■ **DIRECTIONS FOR THIS TASK**
Look below for the line holding "農業公園に咲く美しい桃を撮る女性" and the line holding "Modern hexagon green". Repeat those two and everything between, exactly.

** EXTRACTED ENTRIES follows **

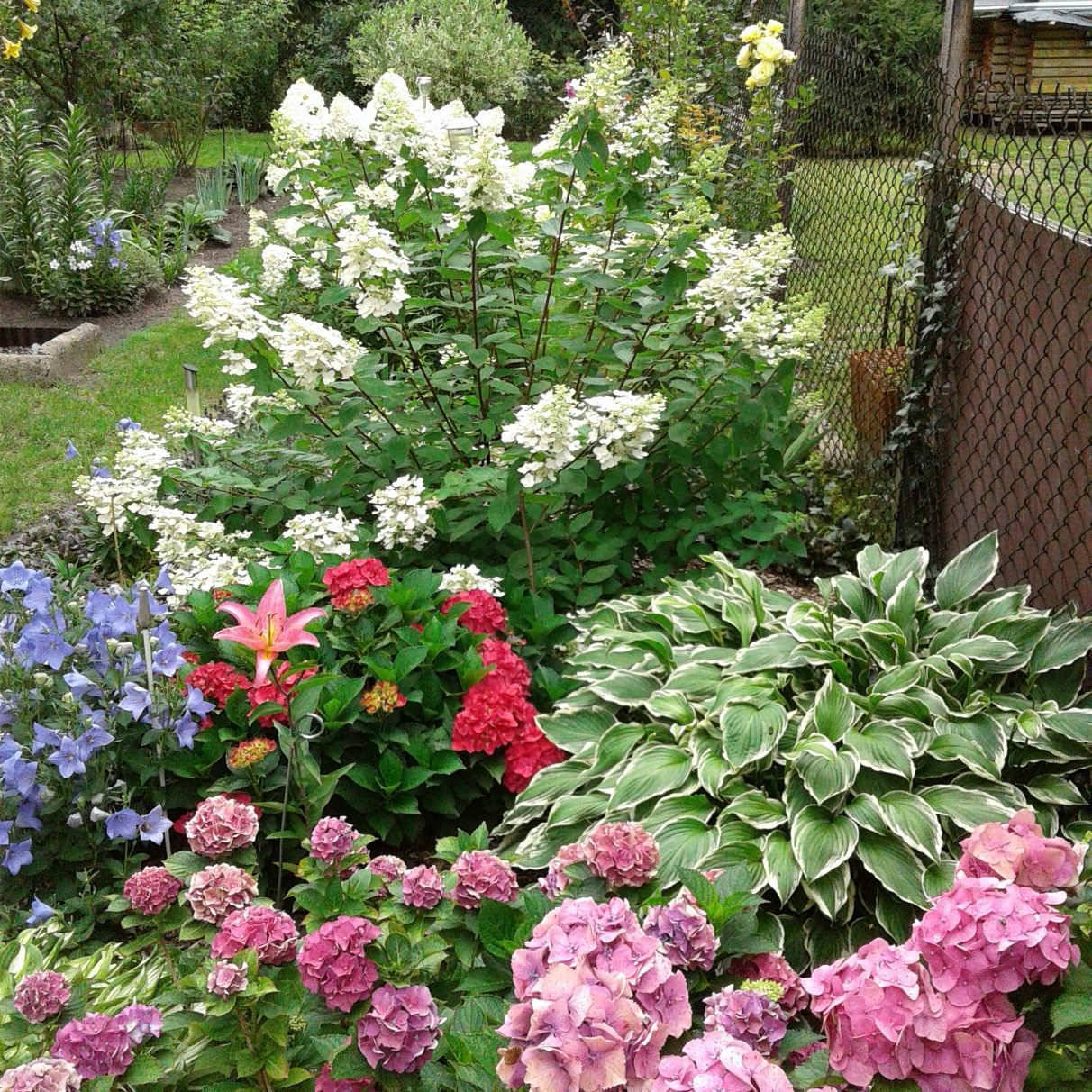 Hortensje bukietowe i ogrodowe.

** End of EXTRACTED ENTRIES **
** EXTRACTED ENTRIES follows **

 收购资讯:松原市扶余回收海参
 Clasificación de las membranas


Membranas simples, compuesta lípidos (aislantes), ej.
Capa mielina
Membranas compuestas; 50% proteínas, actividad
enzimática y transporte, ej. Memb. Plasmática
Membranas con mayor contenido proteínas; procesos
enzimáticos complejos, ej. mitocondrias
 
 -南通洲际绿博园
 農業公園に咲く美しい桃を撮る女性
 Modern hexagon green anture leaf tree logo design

** End of EXTRACTED ENTRIES **

■ **WRITTEN ANSWER**
 農業公園に咲く美しい桃を撮る女性
 Modern hexagon green anture leaf tree logo design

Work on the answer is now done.